ASSIGNED TASK: Pictures aside, output each record exactly.

GIVEN INFORMATION:
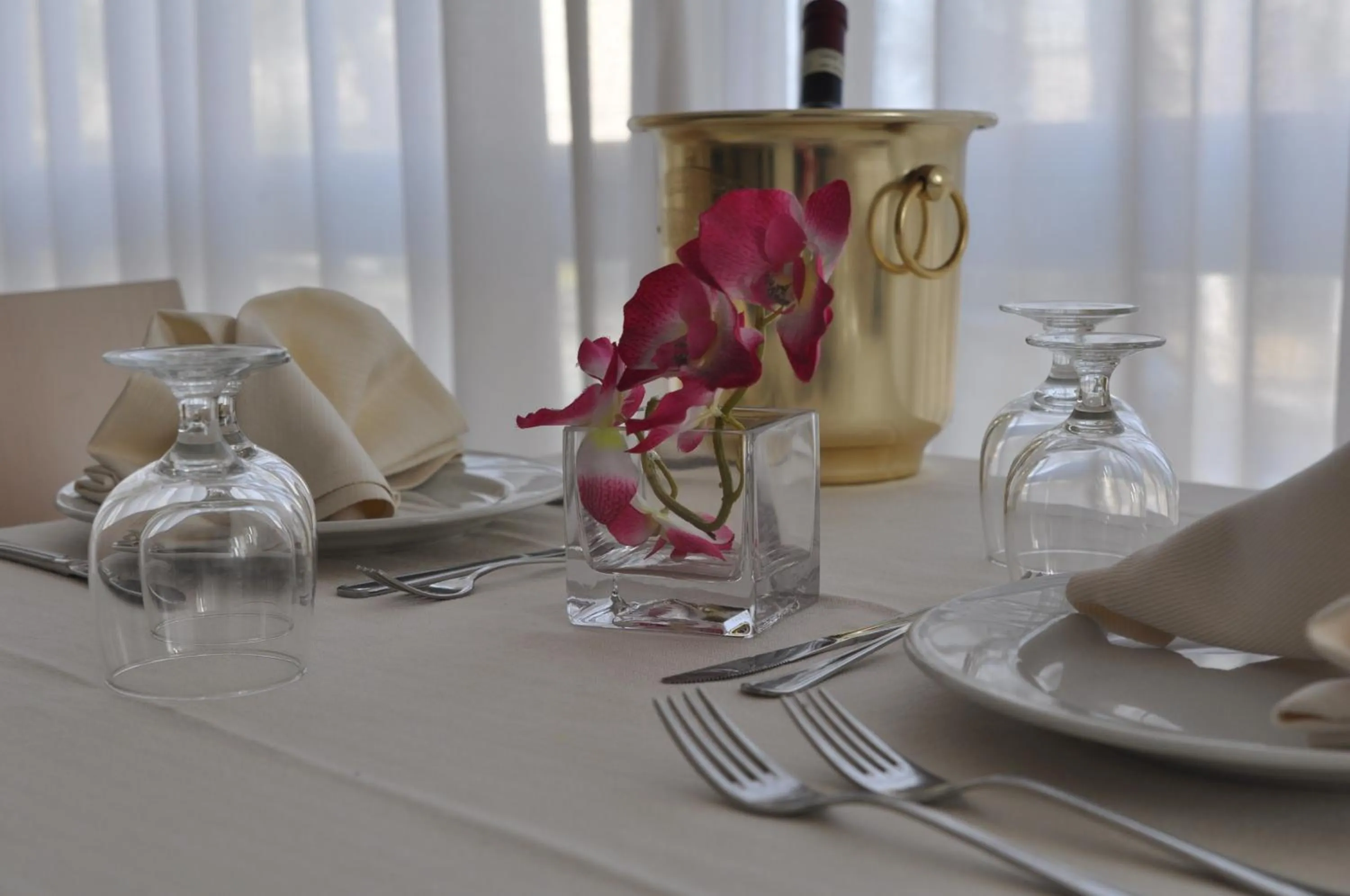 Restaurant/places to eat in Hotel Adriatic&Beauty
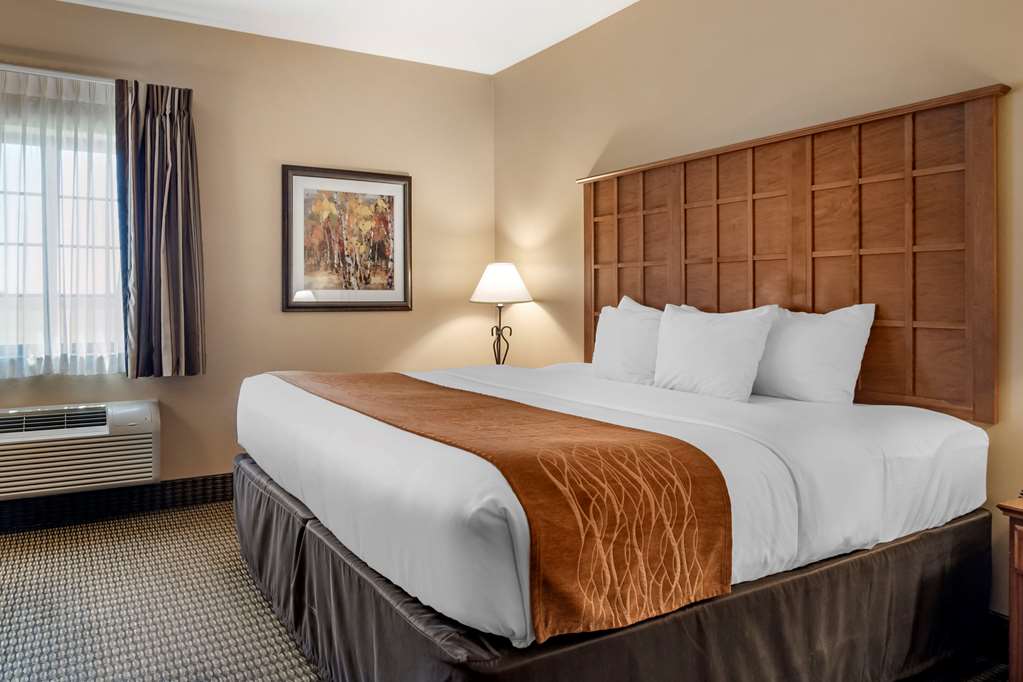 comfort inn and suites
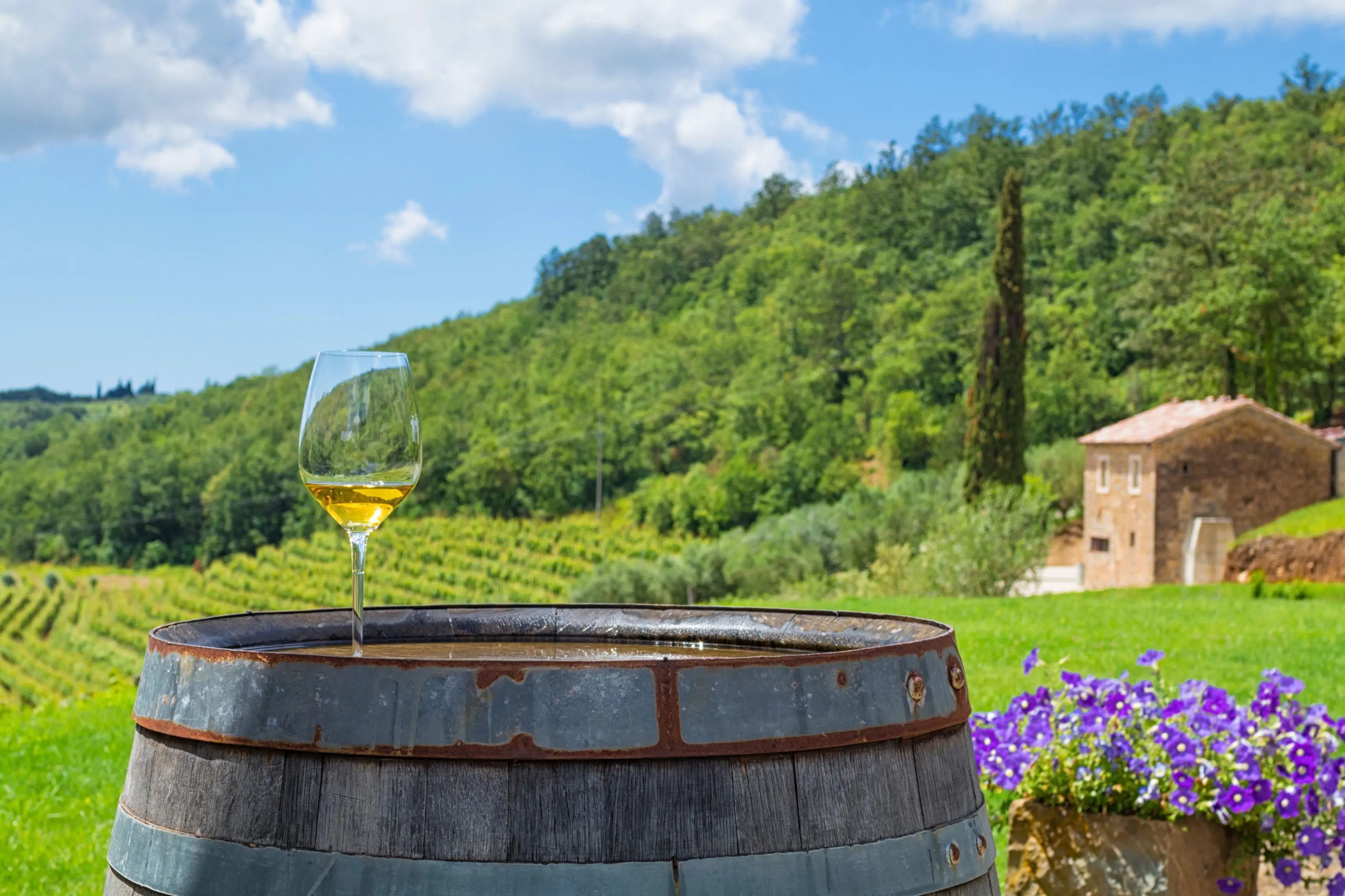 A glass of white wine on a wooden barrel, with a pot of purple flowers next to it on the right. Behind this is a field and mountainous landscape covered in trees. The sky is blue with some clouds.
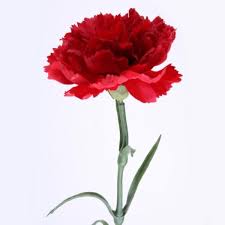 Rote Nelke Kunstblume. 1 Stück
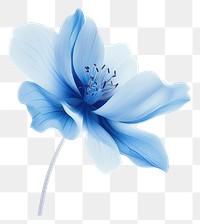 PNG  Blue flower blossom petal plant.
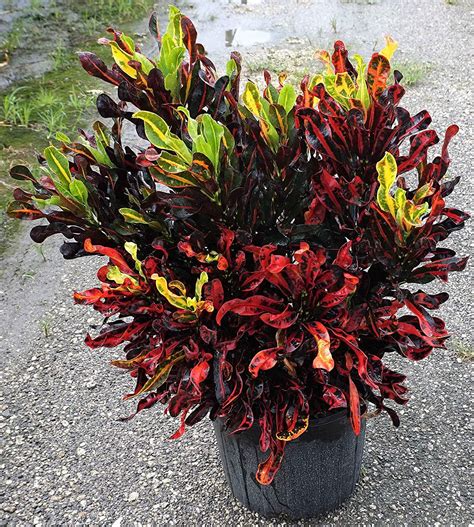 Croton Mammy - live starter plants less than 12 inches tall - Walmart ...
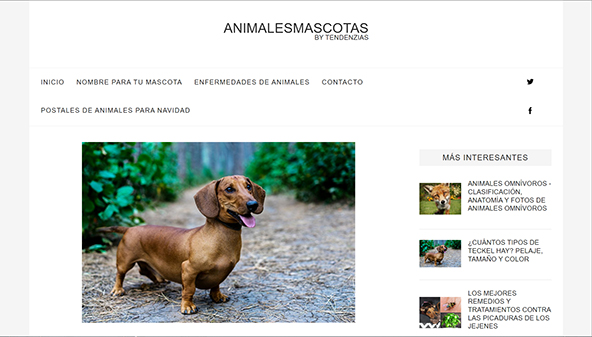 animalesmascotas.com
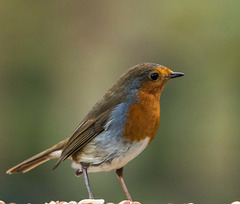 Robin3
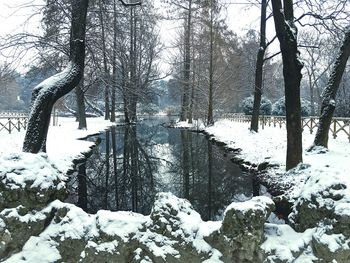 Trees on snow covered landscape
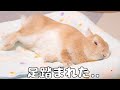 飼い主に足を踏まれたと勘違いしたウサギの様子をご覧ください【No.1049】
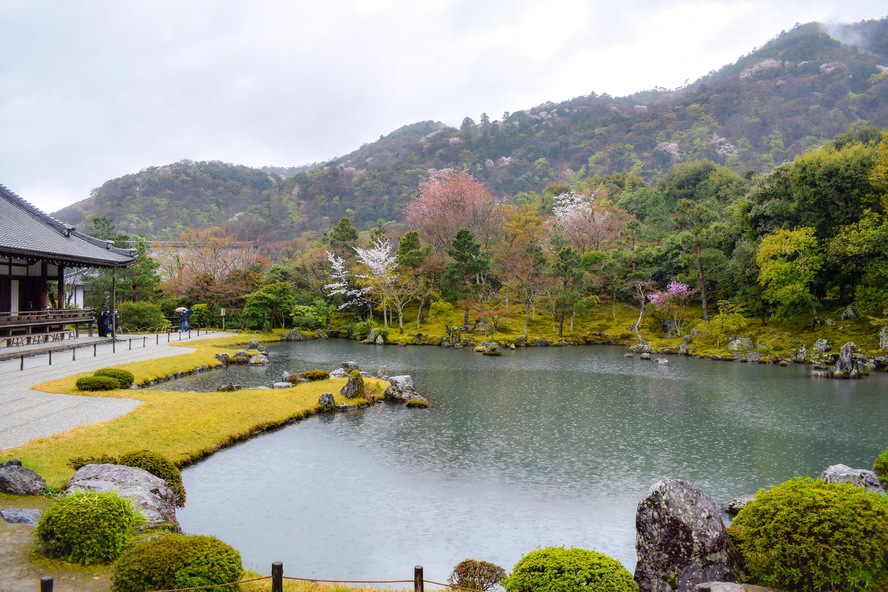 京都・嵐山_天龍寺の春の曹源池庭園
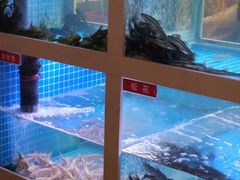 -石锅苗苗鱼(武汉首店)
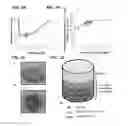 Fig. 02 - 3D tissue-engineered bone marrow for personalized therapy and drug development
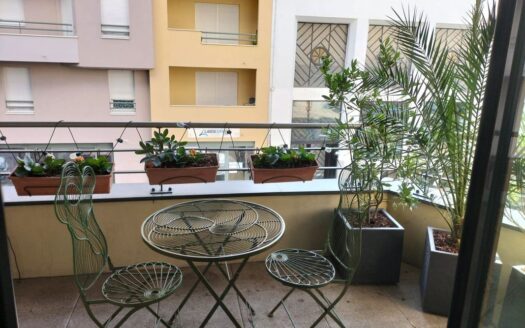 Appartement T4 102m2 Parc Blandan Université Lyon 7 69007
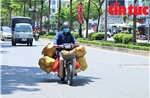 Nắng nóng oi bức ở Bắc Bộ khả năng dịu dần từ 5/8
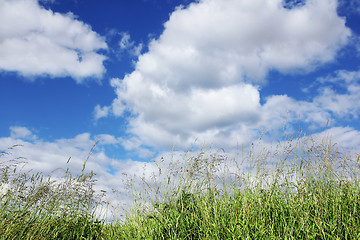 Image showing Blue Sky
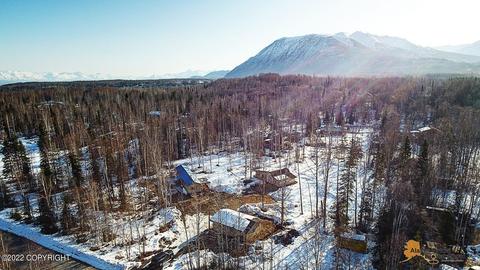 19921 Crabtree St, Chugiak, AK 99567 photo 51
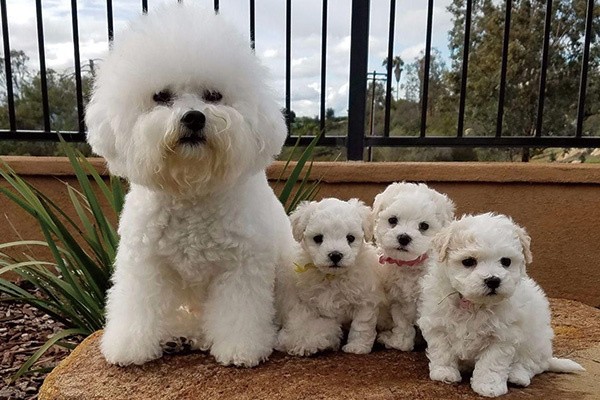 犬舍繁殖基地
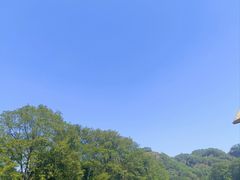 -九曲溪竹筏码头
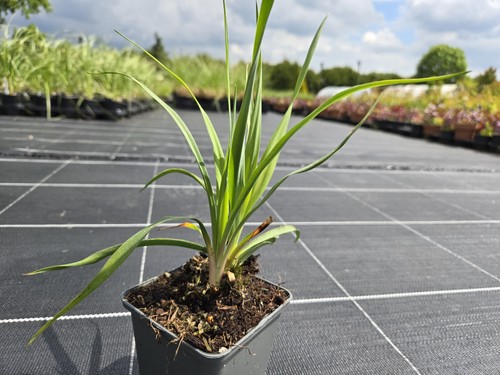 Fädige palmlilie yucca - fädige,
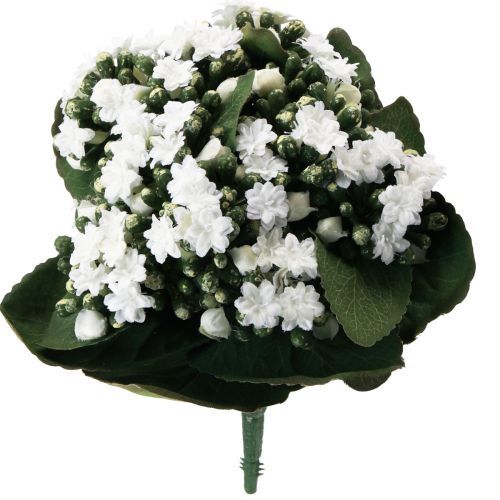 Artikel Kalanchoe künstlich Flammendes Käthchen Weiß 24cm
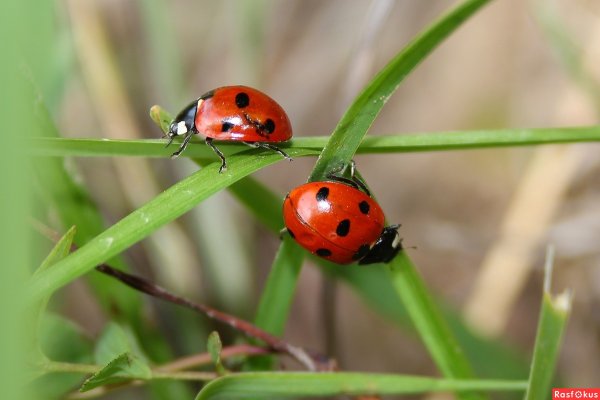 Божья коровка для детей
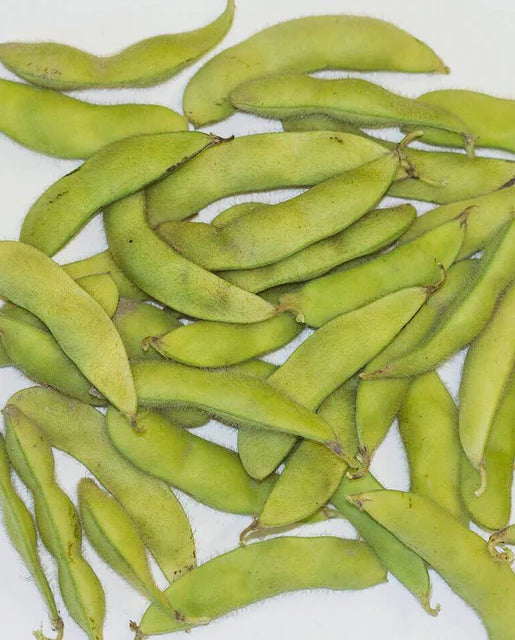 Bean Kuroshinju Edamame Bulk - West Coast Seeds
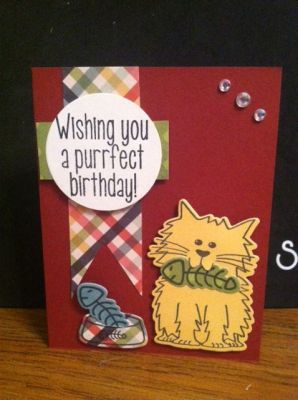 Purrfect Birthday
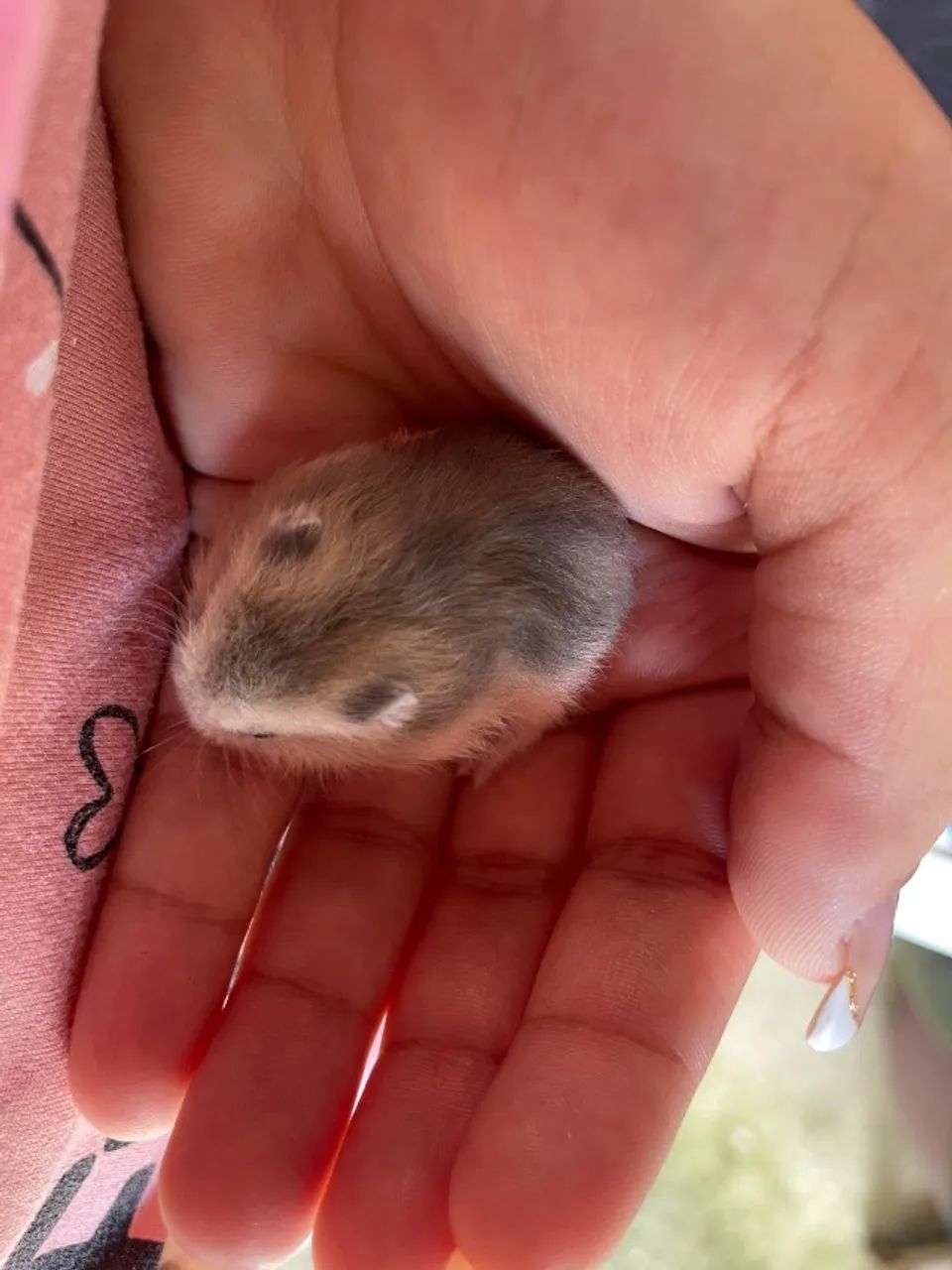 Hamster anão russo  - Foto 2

EXERCISE ANSWER:
 Restaurant/places to eat in Hotel Adriatic&Beauty
 comfort inn and suites
 A glass of white wine on a wooden barrel, with a pot of purple flowers next to it on the right. Behind this is a field and mountainous landscape covered in trees. The sky is blue with some clouds.
 Rote Nelke Kunstblume. 1 Stück
 PNG  Blue flower blossom petal plant.
 Croton Mammy - live starter plants less than 12 inches tall - Walmart ...
 animalesmascotas.com
 Robin3
 Trees on snow covered landscape
 飼い主に足を踏まれたと勘違いしたウサギの様子をご覧ください【No.1049】
 京都・嵐山_天龍寺の春の曹源池庭園
 -石锅苗苗鱼(武汉首店)
 Fig. 02 - 3D tissue-engineered bone marrow for personalized therapy and drug development
 Appartement T4 102m2 Parc Blandan Université Lyon 7 69007
 Nắng nóng oi bức ở Bắc Bộ khả năng dịu dần từ 5/8
 Image showing Blue Sky
 19921 Crabtree St, Chugiak, AK 99567 photo 51
 犬舍繁殖基地
 -九曲溪竹筏码头
 Fädige palmlilie yucca - fädige,
 Artikel Kalanchoe künstlich Flammendes Käthchen Weiß 24cm
 Божья коровка для детей
 Bean Kuroshinju Edamame Bulk - West Coast Seeds
 Purrfect Birthday
 Hamster anão russo  - Foto 2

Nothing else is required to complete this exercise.